SALT Report 3791 – Last year in September the Washington State Department of Revenue passed legislation revising the nexus standard for Wholesale sales and establishing a “click thru nexus” threshold. In combination with the elevated penalties for non-filing and negligence it is clear the department means business. We have seen a spike in the discovery process and requests for information coming from Washington’s discovery unit over the last few months.
New Nexus Standards for Wholesale B&O Tax – Effective September 1, 2015
Effective September 1, 2015, economic nexus standards apply to most out-of-state wholesaling businesses. Physical presence nexus (i.e., property, payroll, solicitation of sales either directly or through an agent) is no longer the only standard in determining B&O tax.
Out-of-state businesses organized or commercially domiciled outside WA will be subject to the wholesaling B&O tax at the rate of 0.484% on sales delivered in the state if any of the following economic nexus thresholds (adjusted for calendar year 2015) are met during the prior calendar year:
- gross receipts – more than $267,000 in WA state;
- property – more than $53,000 in WA state;
- payroll – more than $53,000 in WA state; or
- at least 25% of the taxpayer’s total property, payroll or gross receipts in WA state.
In determining whether a wholesale business exceeds the gross receipts threshold of $267,000, both apportionable income attributable to Washington and wholesale sales delivered to Washington are to be included.
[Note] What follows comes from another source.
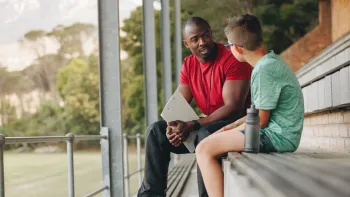 Black male coach in a red shirt sits on bleachers outside counseling a white male students in a green shirt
Presumption of Nexus for Click-Through Retail Transactions – Effective September 1, 2015
An out-of-state business will be presumed to have physical nexus in WA and be subject to both the retailing B&O tax and retail sales tax on sales delivered to WA if both apply:
- has agreements with Washington residents and pays a commission or other consideration for referrals via a website link or otherwise; and
- has more than $10,000 in sales into WA during the prior calendar due to these agreements.
The presumption may be rebutted by showing evidence that the in-state resident did not, and was prohibited from, engaging in solicitation on behalf of the out-of-state business.
Late Payment Penalty Increase – Effective August 1, 2015
Washington increased the rates at which late penalties are assessed if payment of taxes due on a return is not received by the due date. The rates are currently as follows:
- One day after the due date to the last day of the month – 9%
- First day of the second month following the due date to the last day of that month – 19%
First day of the third month and thereafter – 29%
With these changes, Washington elevated their discovery efforts and the Department has been contacting out of state companies in order to find out more information. Discovery can open lookback periods up to 10 years back and expose a taxpayer to burdensome penalties and interest.